--- Records supplied ---

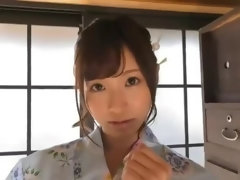 アジア人, 日本人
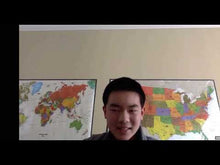 Load and play video in Gallery viewer, 翰林脑力战队
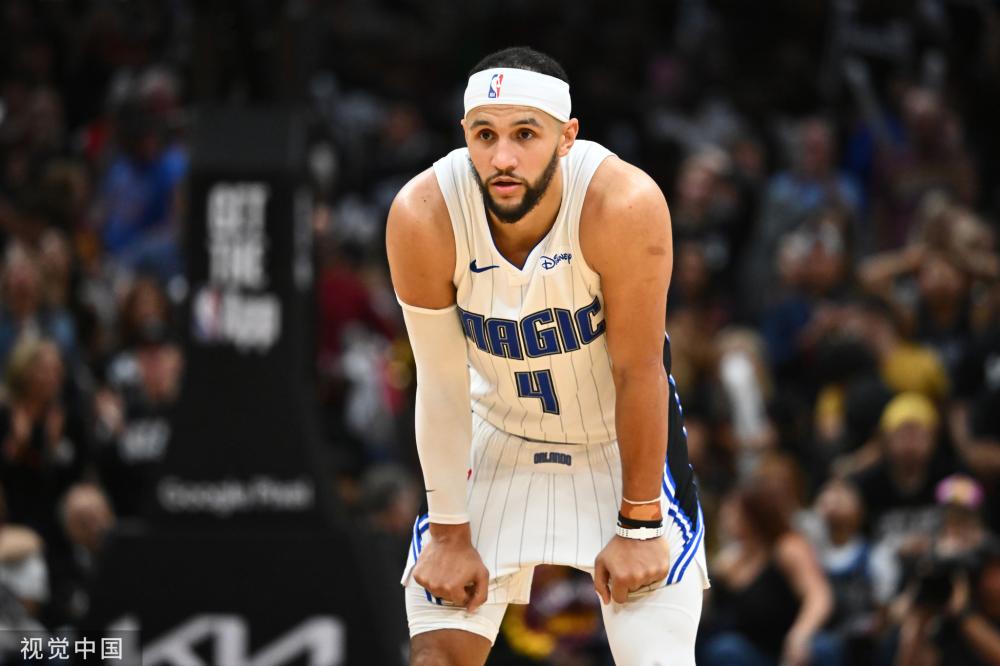 中场在短时 中场在短时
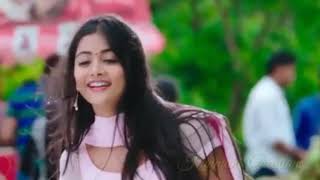 Nee maranthal enna maruthaal enna en kadhal enku pothumamma en whatsapp status [upl. by Ahen]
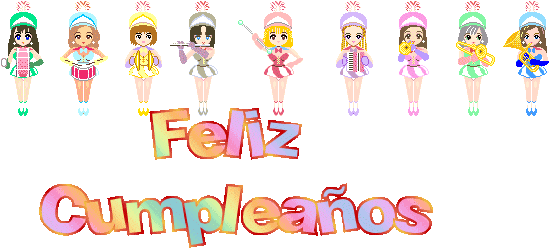 FCumple-debrujaMar-0102.gif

---

Exercise aim =
Please copy exactly the lines from the one containing "Nee maranthal enna" through the last line of the records above, both included, and leave out any pictures.

Reply to the exercise =
 Nee maranthal enna maruthaal enna en kadhal enku pothumamma en whatsapp status [upl. by Ahen]
 FCumple-debrujaMar-0102.gif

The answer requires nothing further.